As described below, my team and I introduced a robust relationship between stability of proteins in a freeze-dried state, and picosecond timescale dynamics of the freeze-dried excipient materials that encapsulate proteins. Although the relationship has been found to be very robust, and potentially useful to pharmaceutical formulation scientists, here was no way to characterize the picosecond dynamics of the freeze-dried materials other than through neutron backscattering – the way we discovered it. Neutron scattering is not suitable as a high-throughput method for evaluating candidate formulations. With this in mind, we demonstrated that a signal containing equivalent information to that from neutron backscattering could be obtained from analyzing light emitted from fluorescent molecules dissolved in the freeze-dried matrix. We have shown that this approach is predictive, and it is beginning to be used by pharmaceutical scientists. For this contribution we were awarded the 2014 American Association of Pharmaceutical Scientists Innovation in Biotech award.

Qian, K.K., Grobelny, P.J., Tyagi, M., Cicerone, M.T. Using the Fluorescence Red Edge Effect to Assess the Long-Term Stability of Lyophilized Protein Formulations, Mol. Pharmaceutics, 12 1141–1149 (2015)

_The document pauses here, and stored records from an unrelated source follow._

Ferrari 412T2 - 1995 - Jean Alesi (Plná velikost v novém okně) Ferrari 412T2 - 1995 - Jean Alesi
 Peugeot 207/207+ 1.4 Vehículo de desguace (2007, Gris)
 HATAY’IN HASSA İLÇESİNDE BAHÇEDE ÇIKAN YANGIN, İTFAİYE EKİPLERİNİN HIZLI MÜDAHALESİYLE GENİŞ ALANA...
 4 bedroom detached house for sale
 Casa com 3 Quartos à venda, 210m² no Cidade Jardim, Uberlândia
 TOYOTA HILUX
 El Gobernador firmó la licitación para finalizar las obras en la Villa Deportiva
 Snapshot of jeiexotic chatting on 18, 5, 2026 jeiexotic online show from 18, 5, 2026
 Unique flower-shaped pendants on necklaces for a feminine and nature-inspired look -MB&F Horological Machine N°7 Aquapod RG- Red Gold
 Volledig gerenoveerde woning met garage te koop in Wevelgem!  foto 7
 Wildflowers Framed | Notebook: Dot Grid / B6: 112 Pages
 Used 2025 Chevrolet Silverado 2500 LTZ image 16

Cicerone, M. T., Zhong, Q., Johnson, J., Aamer, K. A. & Tyagi, M. Surrogate for Debye–Waller factors from dynamic stokes shifts. The journal of physical chemistry letters 2, 1464-1468 (2011)


Nanoencapsulation approach to stabilize proteins for drug delivery applications

Drug delivery approaches have tremendous potential to deliver potent drugs primarily or exclusively to sites of interest, protecting the drugs from the effects of the body or vice versa, until they have reached their target, or providing a depot for long-time elution of drugs. A significant problem with drug delivery approaches involving therapeutic proteins or peptides has been that most (frequently > 99%) of the protein payload looses its activity when encapsulated by traditional methods. My team and I invented and demonstrated a way to encapsulate proteins in nanometer-sized droplets of vitrified sugar-based glass that makes them impervious to traditional processing steps, allowing us to retain more than 99% of protein function or titer in many cases. This approach has now been used successfully in large animal trials, and has also been shown to be effective for transdermal drug delivery due to the nanometer size of the encapsulation materials.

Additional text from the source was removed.